Exercise prompt: In the entries that follow, the lines from the one with "Demonstrators conflict with" through the one with "an image of" are the ones to write out, exactly and with both ends included. Nothing else should appear.

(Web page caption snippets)
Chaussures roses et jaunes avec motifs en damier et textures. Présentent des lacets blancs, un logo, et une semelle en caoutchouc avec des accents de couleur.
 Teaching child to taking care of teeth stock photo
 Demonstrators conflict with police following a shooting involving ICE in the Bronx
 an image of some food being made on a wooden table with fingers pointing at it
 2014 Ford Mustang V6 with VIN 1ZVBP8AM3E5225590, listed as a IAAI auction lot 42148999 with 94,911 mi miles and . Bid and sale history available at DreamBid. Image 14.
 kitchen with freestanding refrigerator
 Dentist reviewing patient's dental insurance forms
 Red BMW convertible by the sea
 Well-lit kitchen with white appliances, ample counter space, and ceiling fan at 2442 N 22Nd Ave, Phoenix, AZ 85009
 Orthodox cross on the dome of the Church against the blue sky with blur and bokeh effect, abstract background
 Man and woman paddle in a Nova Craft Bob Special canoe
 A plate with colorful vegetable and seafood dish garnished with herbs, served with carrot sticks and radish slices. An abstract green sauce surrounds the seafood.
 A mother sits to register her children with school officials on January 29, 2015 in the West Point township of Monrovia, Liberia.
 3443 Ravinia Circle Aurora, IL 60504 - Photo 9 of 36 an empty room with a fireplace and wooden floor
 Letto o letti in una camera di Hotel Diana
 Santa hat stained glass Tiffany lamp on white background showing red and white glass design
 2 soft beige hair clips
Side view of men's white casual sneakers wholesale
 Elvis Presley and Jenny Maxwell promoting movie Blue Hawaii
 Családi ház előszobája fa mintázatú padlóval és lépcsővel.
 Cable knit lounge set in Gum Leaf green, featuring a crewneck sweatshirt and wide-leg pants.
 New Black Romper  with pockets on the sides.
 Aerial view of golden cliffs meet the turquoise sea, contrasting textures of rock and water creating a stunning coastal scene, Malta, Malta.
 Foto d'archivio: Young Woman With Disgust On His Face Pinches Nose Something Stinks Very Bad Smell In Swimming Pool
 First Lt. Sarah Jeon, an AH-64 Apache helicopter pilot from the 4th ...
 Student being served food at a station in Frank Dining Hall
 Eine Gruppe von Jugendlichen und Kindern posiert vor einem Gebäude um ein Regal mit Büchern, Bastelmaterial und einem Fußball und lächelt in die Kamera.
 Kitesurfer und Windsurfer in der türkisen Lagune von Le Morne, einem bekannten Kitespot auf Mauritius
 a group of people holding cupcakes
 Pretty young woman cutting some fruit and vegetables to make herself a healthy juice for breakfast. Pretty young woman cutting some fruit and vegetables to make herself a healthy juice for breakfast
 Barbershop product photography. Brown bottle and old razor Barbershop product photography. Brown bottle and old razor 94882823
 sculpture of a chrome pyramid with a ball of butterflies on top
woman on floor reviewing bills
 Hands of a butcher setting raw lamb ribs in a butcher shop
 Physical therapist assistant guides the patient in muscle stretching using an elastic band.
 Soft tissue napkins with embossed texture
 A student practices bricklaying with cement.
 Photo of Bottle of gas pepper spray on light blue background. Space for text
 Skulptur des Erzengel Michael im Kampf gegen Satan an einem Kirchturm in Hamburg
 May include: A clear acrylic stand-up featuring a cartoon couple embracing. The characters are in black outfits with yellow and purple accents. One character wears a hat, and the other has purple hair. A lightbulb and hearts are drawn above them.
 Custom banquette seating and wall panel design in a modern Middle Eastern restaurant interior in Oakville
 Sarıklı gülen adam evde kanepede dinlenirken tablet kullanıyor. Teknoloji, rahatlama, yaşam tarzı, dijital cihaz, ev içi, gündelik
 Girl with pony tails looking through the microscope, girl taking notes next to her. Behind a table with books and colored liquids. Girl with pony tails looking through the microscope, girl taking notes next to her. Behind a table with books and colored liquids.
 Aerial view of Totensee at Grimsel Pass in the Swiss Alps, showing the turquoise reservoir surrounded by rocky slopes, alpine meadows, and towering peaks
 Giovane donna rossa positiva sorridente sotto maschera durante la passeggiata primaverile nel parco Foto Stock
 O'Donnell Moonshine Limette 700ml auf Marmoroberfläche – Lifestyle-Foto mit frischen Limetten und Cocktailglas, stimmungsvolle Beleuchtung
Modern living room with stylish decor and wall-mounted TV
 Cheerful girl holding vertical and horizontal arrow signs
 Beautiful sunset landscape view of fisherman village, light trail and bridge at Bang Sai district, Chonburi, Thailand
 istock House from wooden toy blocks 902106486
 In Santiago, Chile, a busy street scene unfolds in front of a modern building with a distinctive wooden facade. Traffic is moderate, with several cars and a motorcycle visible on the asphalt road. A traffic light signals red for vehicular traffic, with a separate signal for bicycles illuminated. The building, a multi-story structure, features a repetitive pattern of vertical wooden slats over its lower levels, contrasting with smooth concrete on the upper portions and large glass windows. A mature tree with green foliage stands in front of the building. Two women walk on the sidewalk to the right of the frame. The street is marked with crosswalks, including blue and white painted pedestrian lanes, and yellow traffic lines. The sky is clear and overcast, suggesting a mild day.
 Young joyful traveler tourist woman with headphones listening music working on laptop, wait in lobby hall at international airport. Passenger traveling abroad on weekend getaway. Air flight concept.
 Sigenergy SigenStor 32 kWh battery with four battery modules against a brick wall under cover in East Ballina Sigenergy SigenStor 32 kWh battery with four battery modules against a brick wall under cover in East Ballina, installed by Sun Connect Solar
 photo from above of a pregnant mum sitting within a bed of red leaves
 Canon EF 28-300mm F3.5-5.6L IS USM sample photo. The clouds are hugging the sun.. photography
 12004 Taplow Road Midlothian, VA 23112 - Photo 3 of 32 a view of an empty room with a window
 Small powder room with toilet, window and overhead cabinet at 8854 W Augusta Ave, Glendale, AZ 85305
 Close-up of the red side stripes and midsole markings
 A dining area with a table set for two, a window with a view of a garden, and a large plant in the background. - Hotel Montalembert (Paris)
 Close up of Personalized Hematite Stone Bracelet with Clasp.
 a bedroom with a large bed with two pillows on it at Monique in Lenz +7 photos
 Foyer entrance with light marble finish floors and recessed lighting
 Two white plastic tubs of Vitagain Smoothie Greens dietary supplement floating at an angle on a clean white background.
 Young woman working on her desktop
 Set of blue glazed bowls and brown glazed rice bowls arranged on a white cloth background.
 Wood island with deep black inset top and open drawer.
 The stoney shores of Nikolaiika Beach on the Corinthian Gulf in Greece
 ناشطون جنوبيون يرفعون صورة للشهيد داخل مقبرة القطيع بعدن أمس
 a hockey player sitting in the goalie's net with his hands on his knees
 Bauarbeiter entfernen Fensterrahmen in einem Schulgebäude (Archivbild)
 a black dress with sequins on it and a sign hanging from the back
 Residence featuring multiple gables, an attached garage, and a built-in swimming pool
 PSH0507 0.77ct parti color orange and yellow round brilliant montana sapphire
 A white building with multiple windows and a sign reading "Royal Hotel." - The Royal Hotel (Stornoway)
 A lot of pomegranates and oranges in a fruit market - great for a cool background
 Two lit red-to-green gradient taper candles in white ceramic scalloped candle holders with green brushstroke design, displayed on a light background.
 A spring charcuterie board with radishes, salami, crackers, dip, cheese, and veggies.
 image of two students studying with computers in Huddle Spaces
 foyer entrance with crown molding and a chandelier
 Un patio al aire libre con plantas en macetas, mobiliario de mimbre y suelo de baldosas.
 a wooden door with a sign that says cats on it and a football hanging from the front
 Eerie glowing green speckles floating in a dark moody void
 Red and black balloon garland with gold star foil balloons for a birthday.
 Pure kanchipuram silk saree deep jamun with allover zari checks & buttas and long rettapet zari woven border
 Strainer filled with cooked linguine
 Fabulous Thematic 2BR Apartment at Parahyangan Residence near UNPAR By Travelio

Answer space:
 Demonstrators conflict with police following a shooting involving ICE in the Bronx
 an image of some food being made on a wooden table with fingers pointing at it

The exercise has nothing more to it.